Antonio Villaraigosa

Los votantes de California han visto un aluvión de anuncios de televisión en las últimas semanas, promocionando el historial del exalcalde de Los Ángeles Antonio Villaraigosa en finanzas, delito y educación, patrocinado por Families & Teachers for Antonio Villaraigosa for Governor 2018 (familias y maestros por Antonio Villaraigosa para gobernador en 2018).

Pero, de hecho, el grupo está financiado en gran parte por un puñado de adinerados patrocinadores de las escuelas charter. Juntos han gastado más de $13 millones de dólares en menos de un mes para aumentar las posibilidades de Villaraigosa en las primarias del 5 de junio, en un momento en que sus cifras de recaudación de fondos y de encuestas lo muestran retrasado. Reed Hastings, el fundador de Netflix, puso en marcha el grupo con un cheque por $7 millones, la mayor donación para apoyar a cualquier candidato en la elección.

Sus intentos son parte de una guerra de poder más amplia de los demócratas entre los sindicatos de docentes -incondicionales del partido desde hace mucho tiempo- y aquellos que argumentan que los grupos le han fallado a los estudiantes de minorías y de bajos ingresos.

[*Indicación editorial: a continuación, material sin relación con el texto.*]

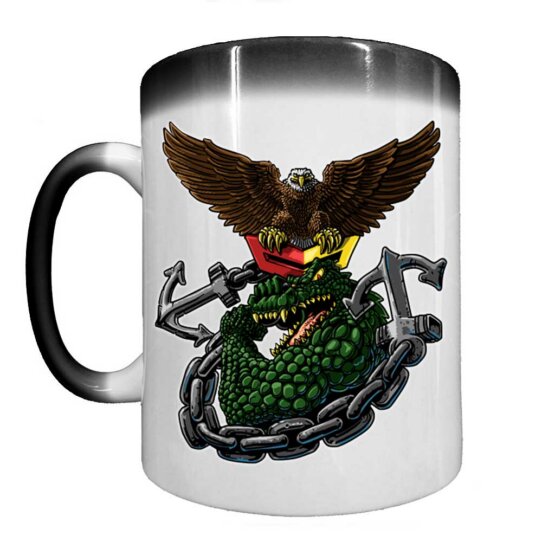 Gator Navy SCPOA Navy Veteran Heat Activated 15 oz Ceramic Custom Coffee Mug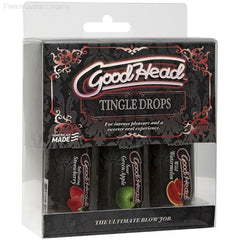 Oral Sex Essentials - GoodHead™ Tingle Drops - Wild Watermelon, Sour Green Apple, Salivating Strawberry Oral Sex Essentials - GoodHead™ Tingle Drops - Wild Watermelon, Sour Green Apple, Salivating Strawberry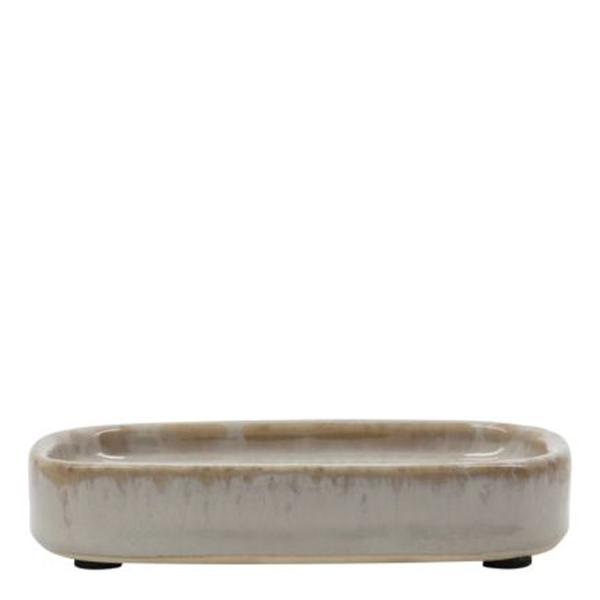 Meraki Datura Tvålhållare 12 cm Shellish Grey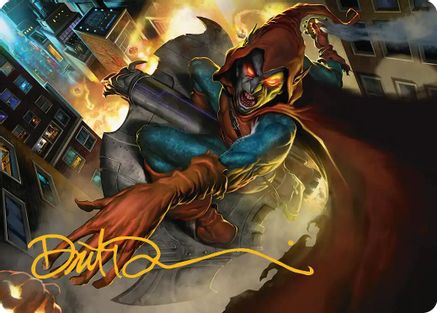 Hobgoblin, Mantled Marauder Art Card (Gold-Stamped Signature) (AASPM-015) - [Art Series: Marvel's Spider-Man]
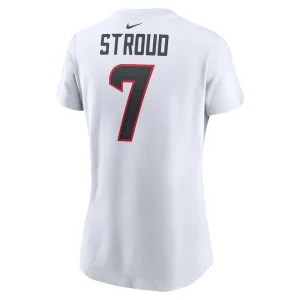 C.j. stroud houston texans nike womens player name number t shirt White L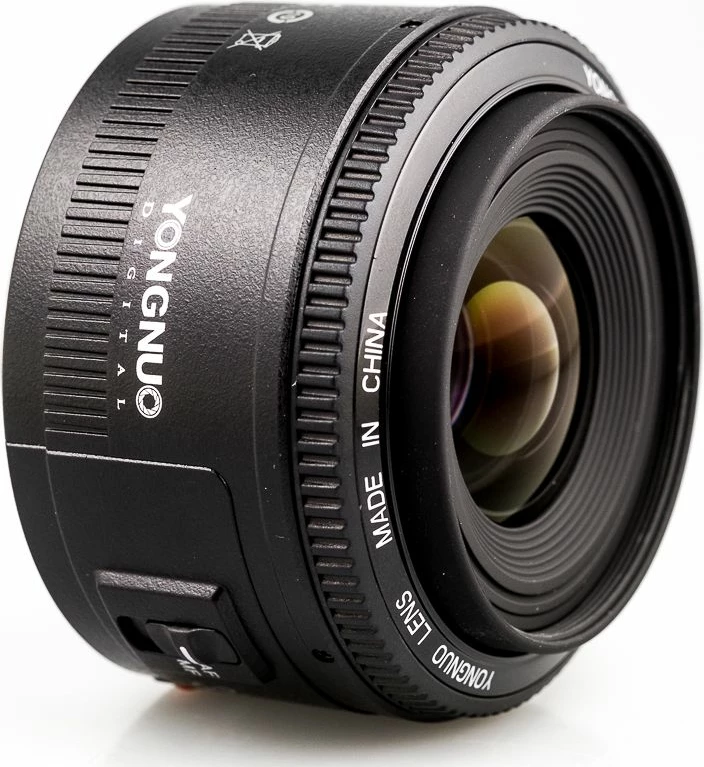 Objektiv Yongnuo 35mm f/2–f/22 për Canon EF, autofocus, filter 58mm, i zi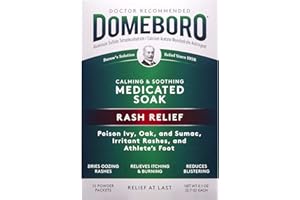 Domeboro Soothing Soak Rash Relief Powder Packets, 12 ea (Pack of 3)
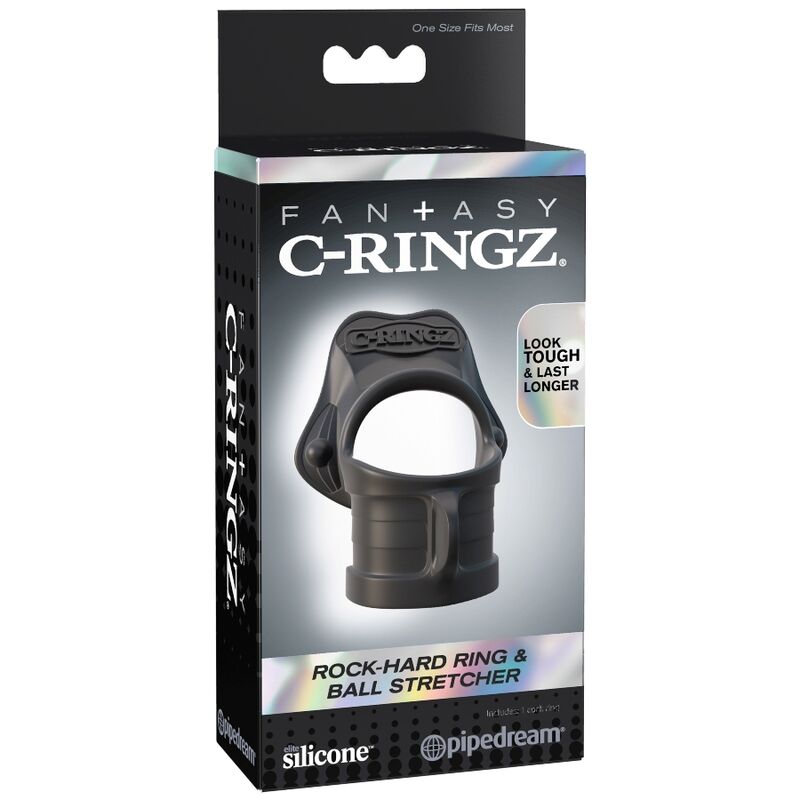 C-ringz rock hard anilla anti retracción testiculos - Pipedream - Anillo vibrador para el pene (con y sin vibración) (5)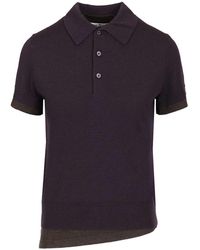 Acne Studios - Layered Wool Polo Shirt - Lyst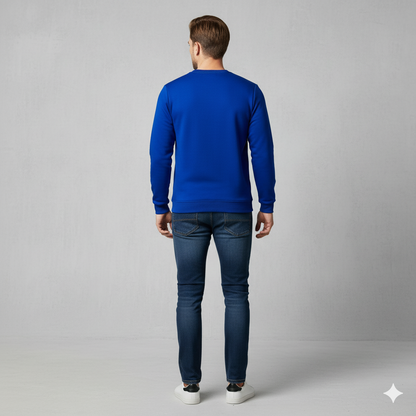 Herren Sweatshirt mit Rundhalsausschnitt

Gary Borden, vicepresidente sénior de la Asociación de Escuelas Charter de California, responsable del grupo de financiación independiente a favor de Villaraigosa, dijo que respalda a Villaraigosa por su historial de desafiar el statu quo en educación como alcalde de Los Ángeles, incluyendo sus intentos para hacerse cargo de las escuelas de la ciudad y su lucha contra los sindicatos de docentes. “No necesitaba hacer las cosas que hizo”, afirmó Borden. “Parte de esto se remonta históricamente, solo a cuán fuerte ha sido Antonio en la educación pública y nuestra confianza de que así será como gobernador”.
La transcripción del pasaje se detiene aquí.